The impact of stellar feedback on hot gas in galaxy haloes: the Sunyaev–Zel'dovich effect and soft X-ray emission

Abstract

The thermal Sunyaev–Zel'dovich (SZ) effect and soft X-ray emission are routinely observed around massive galaxies and in galaxy groups and clusters. We study these observational diagnostics of galaxy haloes for a suite of cosmological 'zoom-in' simulations from the 'Feedback In Realistic Environments' project, which spans a large range in halo mass (10^(10–13) M_⊙). We explore the effect of stellar feedback on the hot gas observables. The properties of our simulated groups, such as baryon fractions, SZ flux, and X-ray luminosities (LX), are broadly consistent with existing observations, even though feedback from active galactic nuclei is not included. We make predictions for future observations of lower mass objects for both SZ and diffuse X-ray measurements, finding that they are not just scaled-down versions of massive galaxies, but more strongly affected by galactic winds driven by star formation.
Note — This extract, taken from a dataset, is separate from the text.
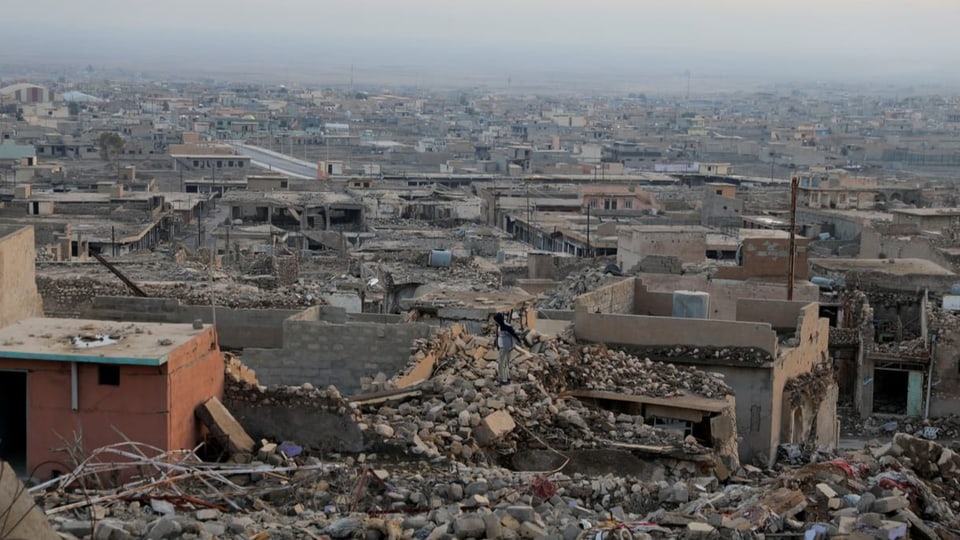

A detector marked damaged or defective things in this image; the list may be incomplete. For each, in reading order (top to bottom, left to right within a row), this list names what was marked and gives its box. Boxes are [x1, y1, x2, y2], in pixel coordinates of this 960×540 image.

broken concrete slab [196, 396, 256, 456]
Low-mass haloes (≲ 10^(11) M_⊙) retain a low fraction of their baryons, which results in a strong suppression of the SZ signal. Our simulations therefore predict a scaling with halo mass that is steeper than self-similar for haloes less massive than 10^(13) M_⊙. For halo masses ≲ 10^(12) M_⊙, LX is time variable and correlated primarily with the star formation rate (SFR). For these objects, the diffuse X-ray emission is powered mostly by galactic winds and the gas dominating the X-ray emission is flowing out with radial velocities close to the halo's circular velocity. For halo masses ≳ 10^(13) M_⊙, on the other hand, LX is much less variable and not correlated with the SFR, because the emission originates from the quasi-hydrostatic, virialized halo gas.

Additional Information

© 2016 The Authors Published by Oxford University Press on behalf of the Royal Astronomical Society. Accepted 2016 September 13. Received 2016 August 16; in original form 2016 April 5. Published: 14 September 2016. We would like to thank the referee for constructive comments, the Simons Foundation and participants of the Simons Symposium 'Galactic Superwinds: Beyond Phenomenology' for inspiration for this work, and Tim Davis for helpful comments on an earlier version of the manuscript. FvdV also thanks Rob Crain and Ian McCarthy for useful discussions. EQ was supported by NASA ATP grant 12-APT12-0183, a Simons Investigator award from the Simons Foundation, and the David and Lucile Packard Foundation. Support for PFH was provided by an Alfred P. Sloan Research Fellowship, NASA ATP Grant NNX14AH35G, and NSF Collaborative Research Grant #1411920 and CAREER grant #1455342. CAFG and ZHH were supported by NSF through grants AST-1412836 and AST-1517491, by NASA through grant NNX15AB22G, and by STScI through grants HST-AR-14293.001-A and HST-GO-14268.022-A. DK was supported by NSF grant AST-1412153. The simulations presented here used computational resources granted by the Extreme Science and Engineering Discovery Environment (XSEDE), which is supported by NSF grant number OCI-1053575, specifically allocations TG-AST120025 (PI: Kereš), TG-AST130039 (PI: Hopkins), TG-AST1140023 (PI: Faucher-Giguère) as well as the Caltech computer cluster 'Zwicky' (NSF MRI award #PHY-0960291) and the Northwestern computer cluster Quest. Some simulations were run with resources provided by the NASA High-End Computing (HEC) Program through the NASA Advanced Supercomputing (NAS) Division at Ames Research Center, proposal SMD-14-5492.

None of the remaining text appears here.